Sometimes something really bad happens, and you have an entire replicate that didn't even start. In this case, resubmit.py can't tell you were trying to run it at all. If you want resubmit.py to try to make inferences about which directories are missing, you can turn on the -i (infer missing) flag. WARNING: This is super experimental. If you turn on -i, you should also how many replicates of each condition you have with the -r flag. For instance, if you have 30 replicates per condition, you can try running:

% python path/to/dist_qsub/resubmit.py -i -r 30

WARNING: resubmit.py is only intended to be used when runs died because of a checkpointing error or HPCC problem. You should always make sure that your runs didn't die of an error in Avida (perhaps because of your config settings), because that will just keep happening no matter how many times you resubmit.

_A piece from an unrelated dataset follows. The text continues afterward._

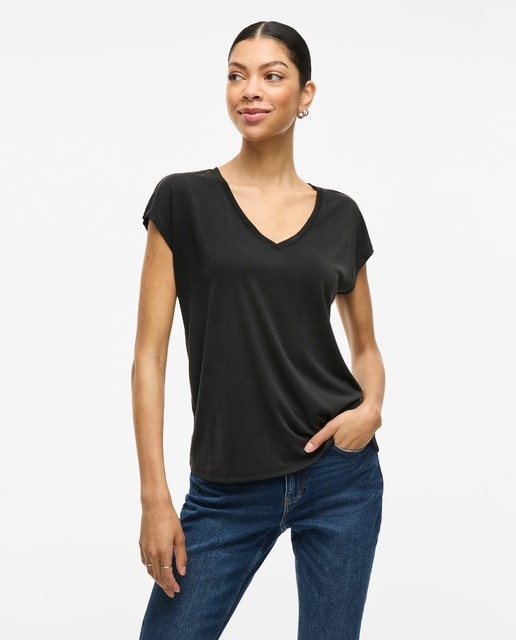 Vila - Camiseta de mujer de manga corta escote pico.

If you accidentally resubmit things that you didn't mean to, your directories will be stored in backup directories, ending in "_bak". To restore them to their original names, you can use the restore_backups script:

% path/to/dist_qsub/restore_backups.sh

(run this from the directory containing the directories for all of your runs)

Useful bash commands

There are a variety of bash commands that can be helpful in manipulating large quantities of jobs. Here are some of them (if you have more, pull requests are welcomed!):

Check progress

It's often nice to know how your jobs are progressing. You can get a quick status report by looking at the last lines of all of the run.log files. From the dest_dir in your run_list, run:

for filename in */run.log;
do
  tail -1 $filename;
done

Want to know which line belongs to which file? Print out the filename too:

for filename in */run.log;
do
  echo $filename;
  tail -1 $filename;
done

Have a lot of jobs and just want an over-all summary of how many are done? Combine the for loop with grep and wc (word count)! For instance, if all of your jobs output the current time step and you want them to get to time step 1000, you could use:

for filename in */run.log; do tail -1 $filename; done | grep 1000 | wc -l

Want to know if any of your runs died? This can get a little challenging, since dist_qsub can recover from most crashes that the HPCC would e-mail you about, and simply counting the number of jobs in your queue can be ineffective with all of the placeholder jobs. The most straightforward way is to append a message to the end of the run.log file and then check back later to see if its still the last line. Of course, you don't want to do this to jobs that are already done. This script will append a line that says "running" to the end of all run.log files that are not done yet. In order for it to do this, it needs you to tell it what to look for in the last line of the run.log file to know the run is done (here it is looking for "1000" - replace "1000" with whatever you want to check for). It should be run from the dest_dir in your run_list:

for filename in */run.log;
do
  done=`tail -1 $filename | grep 1000 | wc -l`;
  if [ $done -ne 1 ];
  then
    echo "running" > $filename;
  fi;
done

A bit later, you can check for any jobs that haven't written new lines to their run.log file with:

for filename in */run.log; do tail -1 $filename; done | grep running | wc -l

This will give you the count of jobs that are not currently running (assuming you waited long enough that all of your runs should have printed another line). Note that just because a job isn't currently running doesn't necessarily mean it won't recover. If, however, a job does not recover for over 4 hours, has failed before its first checkpoint, or no other jobs in its group of seeds are running then something has gone wrong and it will need to be manually restarted.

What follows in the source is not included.